**EXERCISE DESCRIPTION**. Only the lines from the line containing "Техническое описание изделия 430 129" to the end of the entries, both included, belong in your answer, and each must match exactly.

GIVEN ENTRIES below:

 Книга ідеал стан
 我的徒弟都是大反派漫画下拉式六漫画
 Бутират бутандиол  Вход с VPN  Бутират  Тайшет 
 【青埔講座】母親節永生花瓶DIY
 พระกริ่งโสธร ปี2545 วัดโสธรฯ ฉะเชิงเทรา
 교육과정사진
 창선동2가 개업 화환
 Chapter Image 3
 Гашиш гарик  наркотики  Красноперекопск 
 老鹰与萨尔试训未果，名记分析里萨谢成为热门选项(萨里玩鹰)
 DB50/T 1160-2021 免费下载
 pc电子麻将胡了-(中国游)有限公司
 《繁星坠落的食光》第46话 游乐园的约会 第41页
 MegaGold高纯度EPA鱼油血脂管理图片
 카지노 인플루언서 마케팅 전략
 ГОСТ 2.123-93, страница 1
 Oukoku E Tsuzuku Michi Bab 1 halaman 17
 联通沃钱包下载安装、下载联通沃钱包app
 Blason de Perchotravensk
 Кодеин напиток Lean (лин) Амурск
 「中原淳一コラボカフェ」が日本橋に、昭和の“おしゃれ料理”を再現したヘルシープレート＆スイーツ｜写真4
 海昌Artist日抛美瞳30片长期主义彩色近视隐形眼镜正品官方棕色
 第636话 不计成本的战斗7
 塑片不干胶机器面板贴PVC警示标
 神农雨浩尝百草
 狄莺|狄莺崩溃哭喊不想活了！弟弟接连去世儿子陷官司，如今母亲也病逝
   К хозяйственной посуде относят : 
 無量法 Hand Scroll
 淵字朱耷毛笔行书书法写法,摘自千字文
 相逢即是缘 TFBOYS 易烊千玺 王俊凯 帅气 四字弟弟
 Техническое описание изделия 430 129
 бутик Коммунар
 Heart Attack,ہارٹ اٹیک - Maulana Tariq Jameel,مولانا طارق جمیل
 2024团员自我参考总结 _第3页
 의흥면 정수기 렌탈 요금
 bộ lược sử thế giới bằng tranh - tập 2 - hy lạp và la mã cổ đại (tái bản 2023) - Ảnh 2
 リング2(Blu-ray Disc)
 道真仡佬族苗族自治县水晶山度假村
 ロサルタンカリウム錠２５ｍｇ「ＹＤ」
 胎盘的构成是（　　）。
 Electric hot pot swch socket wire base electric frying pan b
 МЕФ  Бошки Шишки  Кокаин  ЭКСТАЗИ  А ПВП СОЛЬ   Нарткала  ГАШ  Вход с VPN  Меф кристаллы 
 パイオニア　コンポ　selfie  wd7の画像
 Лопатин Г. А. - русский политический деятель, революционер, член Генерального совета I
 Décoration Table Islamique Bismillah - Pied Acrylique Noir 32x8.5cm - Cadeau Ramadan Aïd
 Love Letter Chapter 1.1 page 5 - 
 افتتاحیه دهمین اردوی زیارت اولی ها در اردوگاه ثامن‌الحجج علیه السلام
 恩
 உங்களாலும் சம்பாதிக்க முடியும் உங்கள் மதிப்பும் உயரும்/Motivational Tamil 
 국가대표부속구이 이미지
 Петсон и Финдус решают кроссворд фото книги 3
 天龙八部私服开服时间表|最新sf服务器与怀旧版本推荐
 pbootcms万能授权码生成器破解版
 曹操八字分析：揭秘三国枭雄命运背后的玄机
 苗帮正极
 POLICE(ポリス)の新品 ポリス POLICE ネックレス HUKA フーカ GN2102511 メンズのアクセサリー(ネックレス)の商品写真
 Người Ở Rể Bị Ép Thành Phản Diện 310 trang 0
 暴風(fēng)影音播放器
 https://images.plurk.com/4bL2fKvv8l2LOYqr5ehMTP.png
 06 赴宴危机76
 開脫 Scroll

End of GIVEN ENTRIES.

**SOLVED EXERCISE**.
 Техническое описание изделия 430 129
 бутик Коммунар
 Heart Attack,ہارٹ اٹیک - Maulana Tariq Jameel,مولانا طارق جمیل
 2024团员自我参考总结 _第3页
 의흥면 정수기 렌탈 요금
 bộ lược sử thế giới bằng tranh - tập 2 - hy lạp và la mã cổ đại (tái bản 2023) - Ảnh 2
 リング2(Blu-ray Disc)
 道真仡佬族苗族自治县水晶山度假村
 ロサルタンカリウム錠２５ｍｇ「ＹＤ」
 胎盘的构成是（　　）。
 Electric hot pot swch socket wire base electric frying pan b
 МЕФ  Бошки Шишки  Кокаин  ЭКСТАЗИ  А ПВП СОЛЬ   Нарткала  ГАШ  Вход с VPN  Меф кристаллы 
 パイオニア　コンポ　selfie  wd7の画像
 Лопатин Г. А. - русский политический деятель, революционер, член Генерального совета I
 Décoration Table Islamique Bismillah - Pied Acrylique Noir 32x8.5cm - Cadeau Ramadan Aïd
 Love Letter Chapter 1.1 page 5 - 
 افتتاحیه دهمین اردوی زیارت اولی ها در اردوگاه ثامن‌الحجج علیه السلام
 恩
 உங்களாலும் சம்பாதிக்க முடியும் உங்கள் மதிப்பும் உயரும்/Motivational Tamil 
 국가대표부속구이 이미지
 Петсон и Финдус решают кроссворд фото книги 3
 天龙八部私服开服时间表|最新sf服务器与怀旧版本推荐
 pbootcms万能授权码生成器破解版
 曹操八字分析：揭秘三国枭雄命运背后的玄机
 苗帮正极
 POLICE(ポリス)の新品 ポリス POLICE ネックレス HUKA フーカ GN2102511 メンズのアクセサリー(ネックレス)の商品写真
 Người Ở Rể Bị Ép Thành Phản Diện 310 trang 0
 暴風(fēng)影音播放器
 https://images.plurk.com/4bL2fKvv8l2LOYqr5ehMTP.png
 06 赴宴危机76
 開脫 Scroll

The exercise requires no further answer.